There are no spoilers in this entry. I don’t believe in ruining it for innocent passersby, because they really should have their own opinion about a movie. I just observed the following differences in treatments of the material.

The Hollywood version has a Japanese director, presumably so the viewers don’t lose that essential Asian viewpoint. By changing the movie setting to “gaijins in Tokyo” mode (gaijin = “foreigner”, a Japanese term with shades of race discrimination used to refer to Caucasians, similar to the Cantonese word gweilo), the premise of horror is plausible, since most Western travellers are either delighted or repelled by the strangeness – or specifically, “other-ness” – of Japanese concepts. What the remake does is successfully trade on the cultural difference to create a mood of tragedy, deception, and injustice. There is resolution involving karmic balance, so the viewer is able to get a sense of relief that evil is not cyclical or self-perpetuating. The latter idea gets tiresome, but Hollywood likes to milk that concept in order to create sequels or series. If such franchises are not good enough to create their own cult following, all they are is visual junk food.

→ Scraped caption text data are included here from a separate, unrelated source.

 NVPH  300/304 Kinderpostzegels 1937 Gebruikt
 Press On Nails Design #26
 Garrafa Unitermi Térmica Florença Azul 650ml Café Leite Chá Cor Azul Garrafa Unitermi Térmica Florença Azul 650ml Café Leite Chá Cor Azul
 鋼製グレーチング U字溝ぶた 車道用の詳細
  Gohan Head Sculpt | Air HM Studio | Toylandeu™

What backfired here is that many Americans commented on the imdb.com forums that the Japanese horror elements used in Shutter (2008 ) looked cribbed from Ringu (The Ring, 1998 ). I agree; in Hollywood there is no longer any novelty in seeing long-haired dead Asian girls creeping out of a television / photograph / cabinet / mirror / what-have-you. Although that is what I loved precisely about “Ringu” (original Japanese version always, please, but not its sequels). That image is so powerful and iconic I can’t bear to watch it again on my own. It gives me nightmares.

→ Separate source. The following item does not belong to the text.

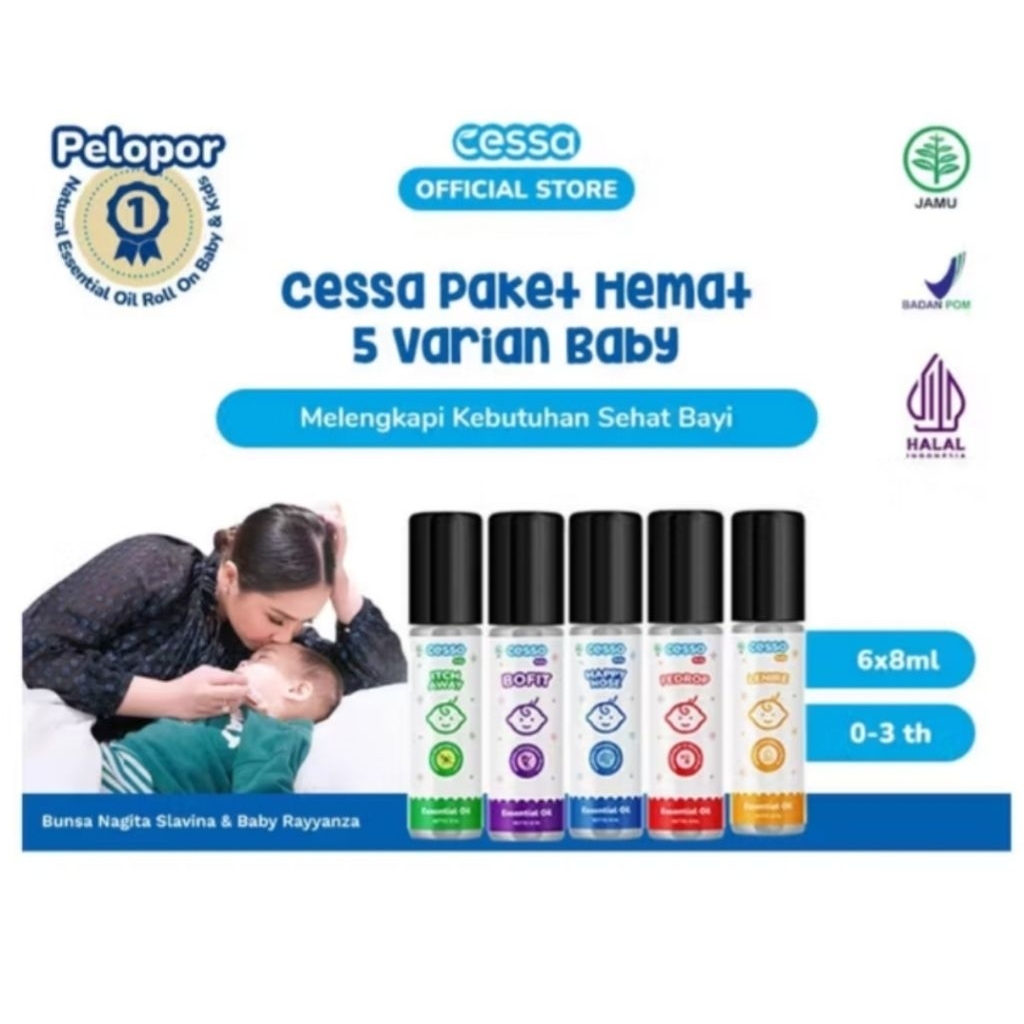 Cessa kids aromatheraphy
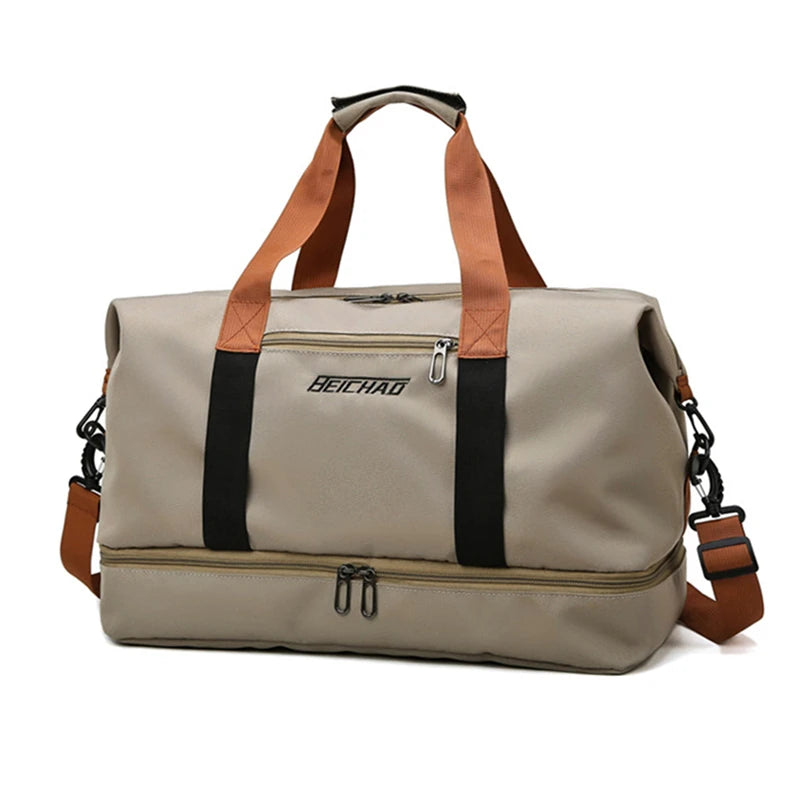 Large-Capacity Travel Fitness Bag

Hollywood, I feel, tends to film movies too brightly. They are too glossy and too high-contrast. They rely too much on surprise to elicit screams. They can’t put a finger exactly on what makes Asian horror, horror. In Hollywood, chainsaw massacres are human crimes whose negative energies resonate to the waking world, but in Asia, superstition about certain kinds of death creates horror. It’s like the stories your grandmother told you about the vengeful ghosts of innocent pregnant women murdered during World War II, when she was still a young girl in the countryside, things like that.

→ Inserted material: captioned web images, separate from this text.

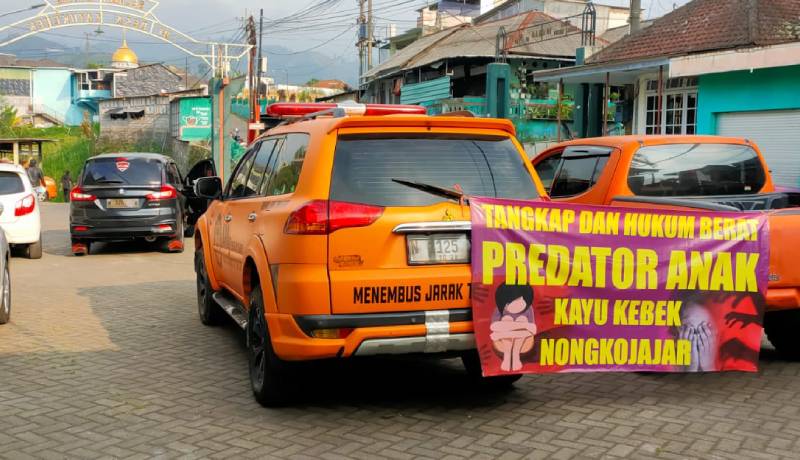 Warga Desa Kayukebek Tuntut Proses Hukum Pelaku Pelecehan Anak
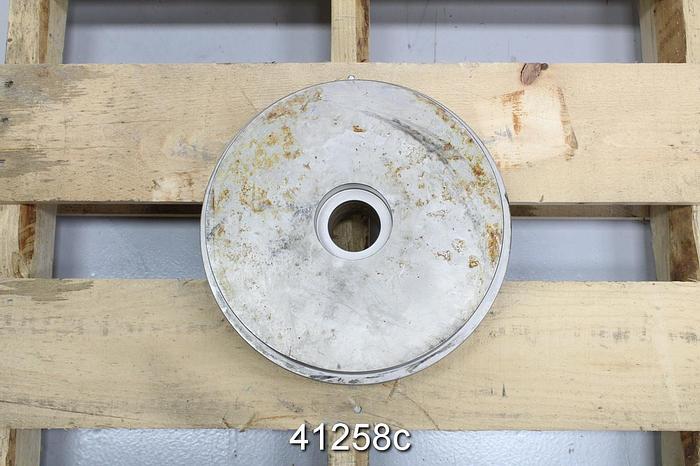 Used Peerless 3196 CD4MCU 10" Diameter Stuffing Box #41258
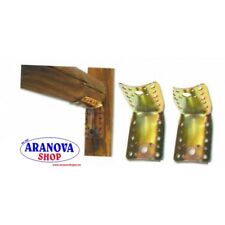 Piastra angolare piegata per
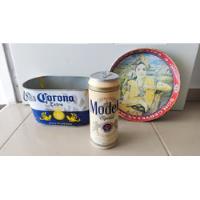 Colección Piezas Cerveza Corona Modelo Cubeta Charola Bote segunda mano   México 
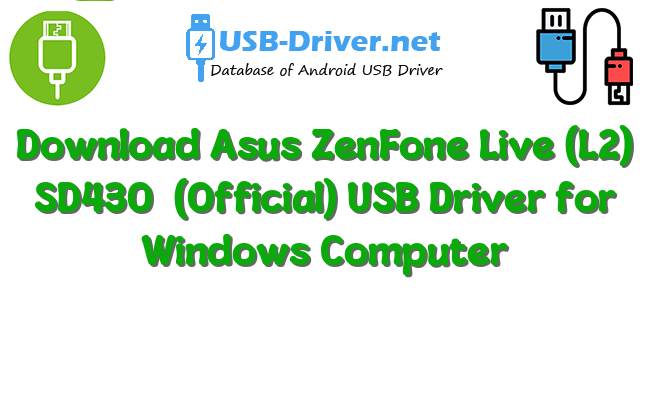 Asus ZenFone Live (L2) SD430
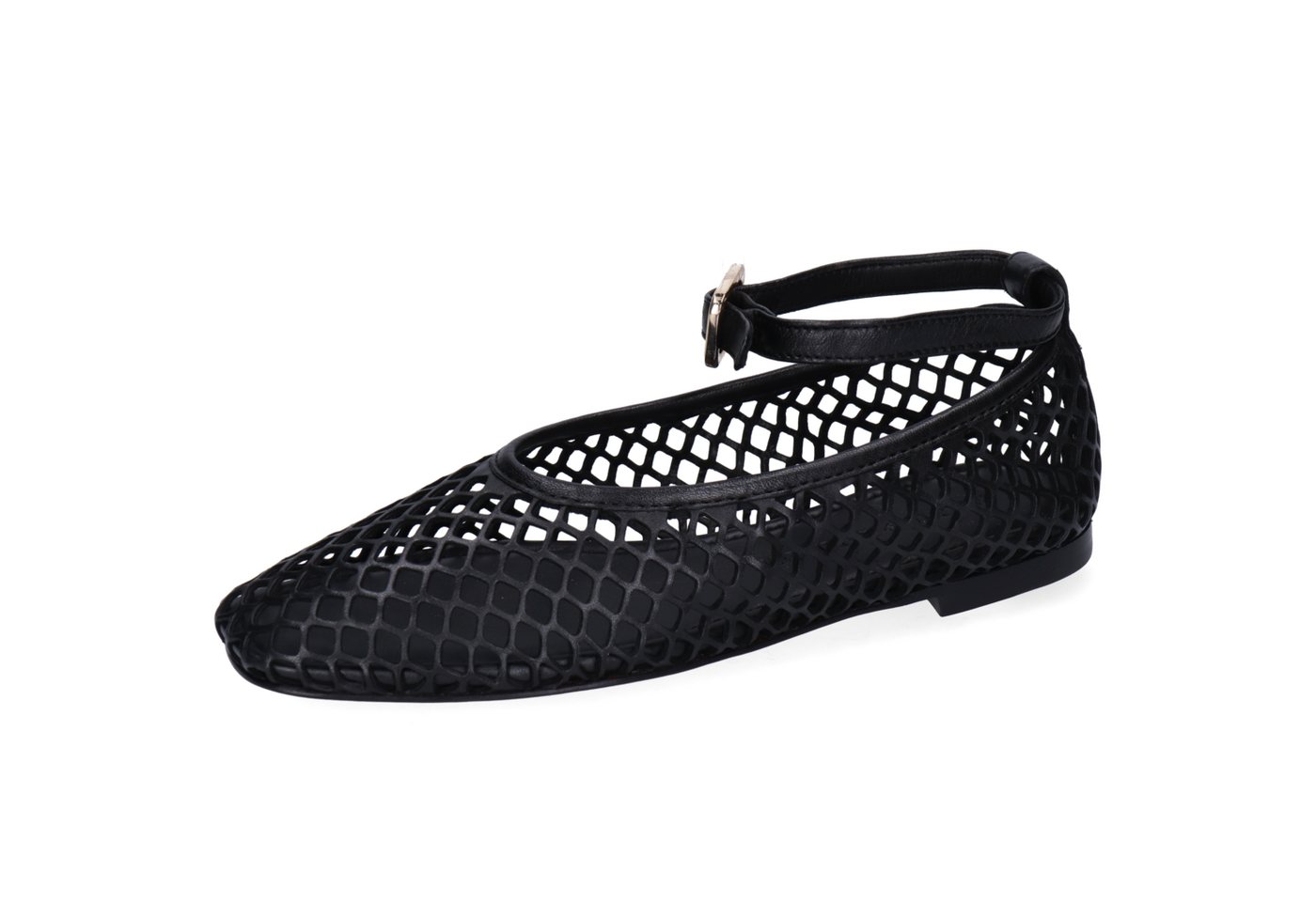 melvin & hamilton Evita 1 Leder-Ballerinas für Damen Ballerina Flache Absätze, Echtes Leder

The Thai original of “Shutter” has a 1970’s mood. It’s a bit gritty, a bit home-movie like. It has SHADOWS. In between shots of sunny cosmopolitan Bangkok we get dark glimpses of folk superstition, despite Thailand being known for its gentle Buddhism. The Thai directors really hit the nail on the head there. They manage to emphasize that light and dark COEXIST on a daily basis in Asia. It’s in the simultaneous modernity and respect for tradition that makes Bangkok so interesting. That’s where the mystery and the inexplicable horror come from. The feeling of uneasiness throughout the viewing experience of the original “Shutter” is what makes it top-rate.

I didn’t mind spending P150 for the Hollywood version movie ticket. I was curious. It may come out on cable in a year or so. But I think, if you really wanted to enjoy “Shutter”, buy the 2004 Thai version on DVD and watch it in your darkened bedroom with a friend who enjoys the same thing. And if you’re feeling particularly brave, watch “Ringu” as well. The nightmares will make you lose weight.